Your reply should be the entries, output word for word, with each picture omitted.

◆ **INFORMATION PROVIDED**:
━━━

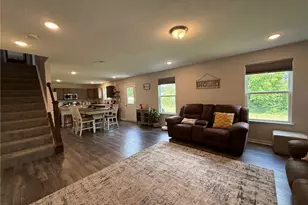 562 Maxwell Ct, Germantown, OH 45327 - Photo 7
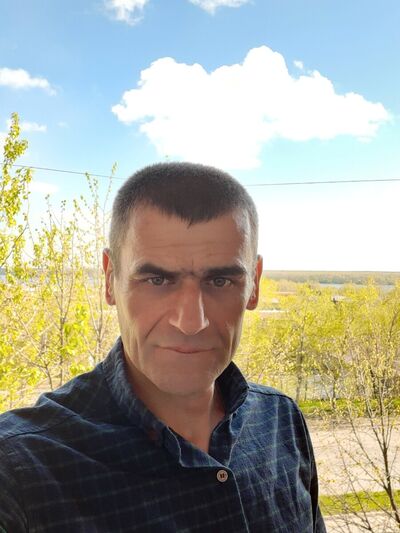  ,   Mihail, 49 ,   ,   , c 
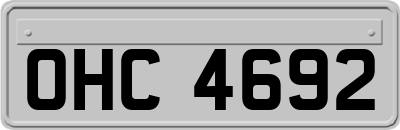 OHC4692
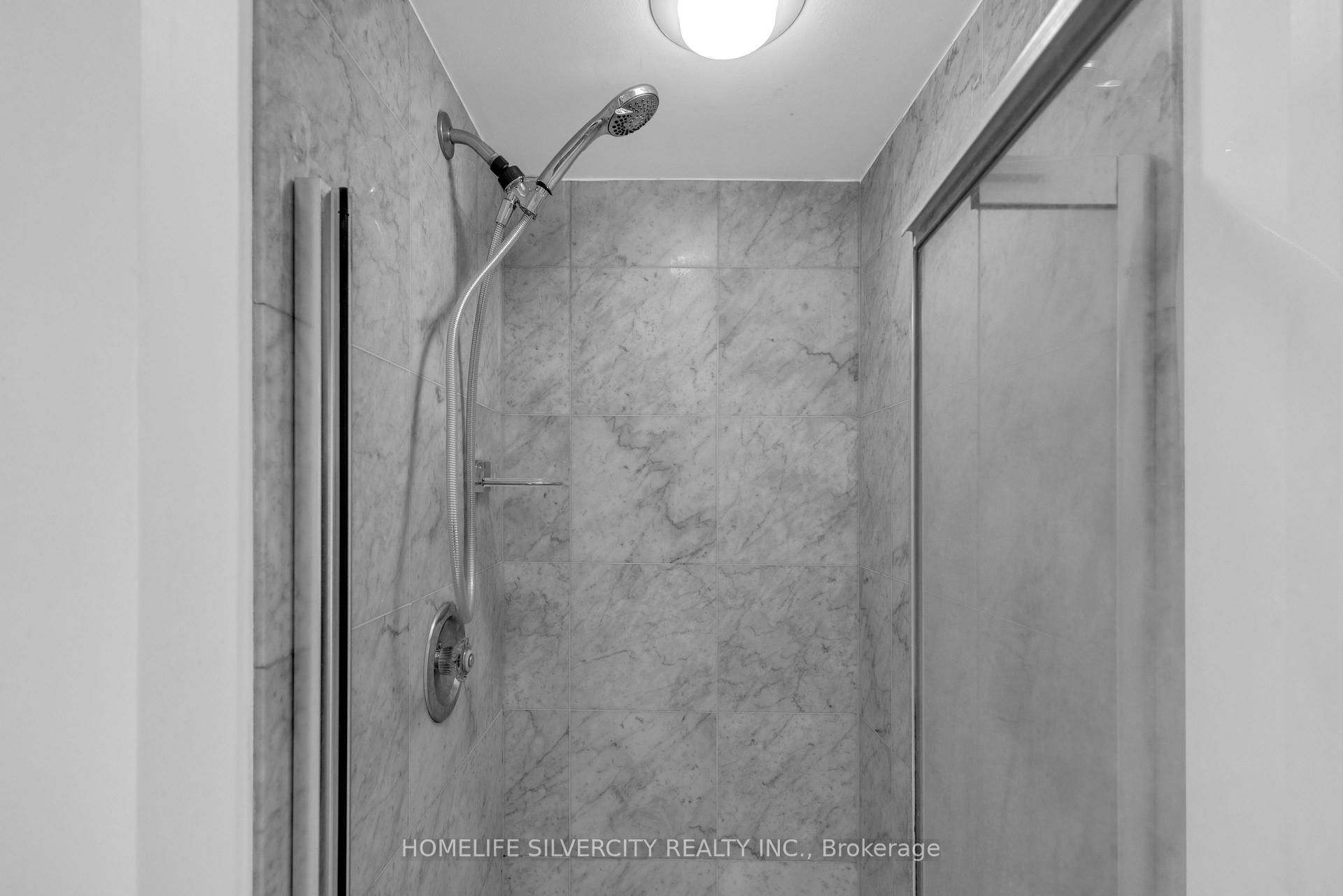 Photo 26 of Unit 3113, 38 Elm Street, Toronto, Bay Street Corridor — HOMEH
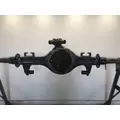 MERITOR RR-20-145 Axle Housing (Rear) thumbnail 4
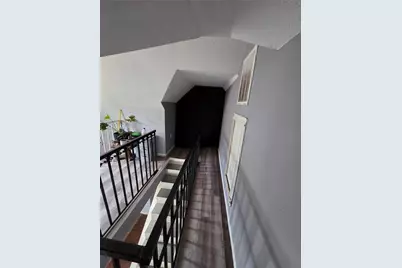 2210 Eugene Street, Dallas, TX 75215 - Photo 36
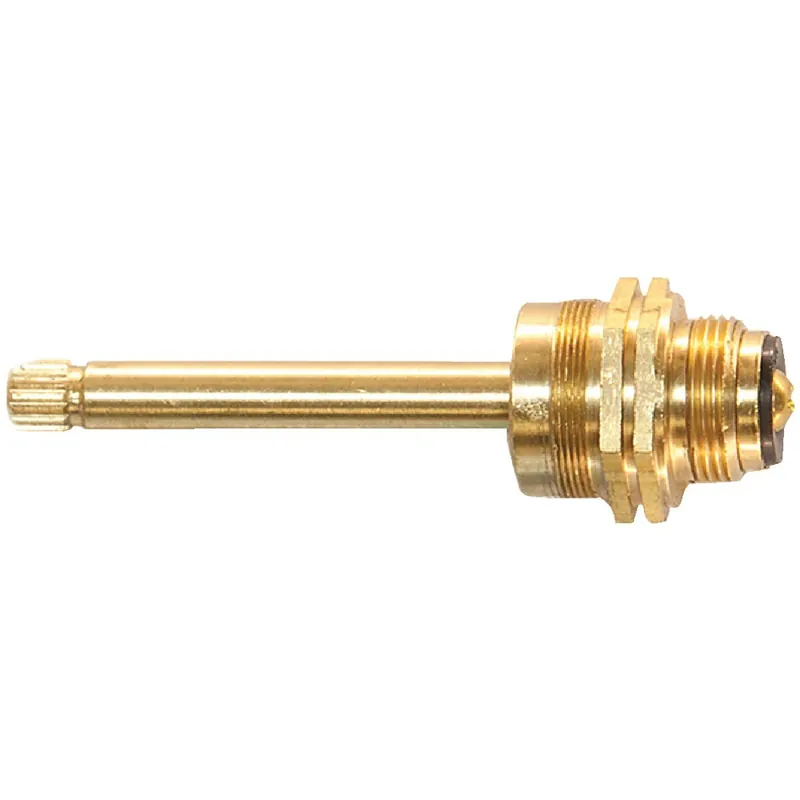 Danco 15526B Cold Water Stem for Indiana Brass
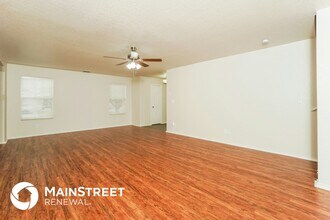 10938 Western Cactus in San Antonio, TX - Building Photo - Building Photo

━━━

◆ **WRITTEN SOLUTION**:
 562 Maxwell Ct, Germantown, OH 45327 - Photo 7
  ,   Mihail, 49 ,   ,   , c 
 OHC4692
 Photo 26 of Unit 3113, 38 Elm Street, Toronto, Bay Street Corridor — HOMEH
 MERITOR RR-20-145 Axle Housing (Rear) thumbnail 4
 2210 Eugene Street, Dallas, TX 75215 - Photo 36
 Danco 15526B Cold Water Stem for Indiana Brass
 10938 Western Cactus in San Antonio, TX - Building Photo - Building Photo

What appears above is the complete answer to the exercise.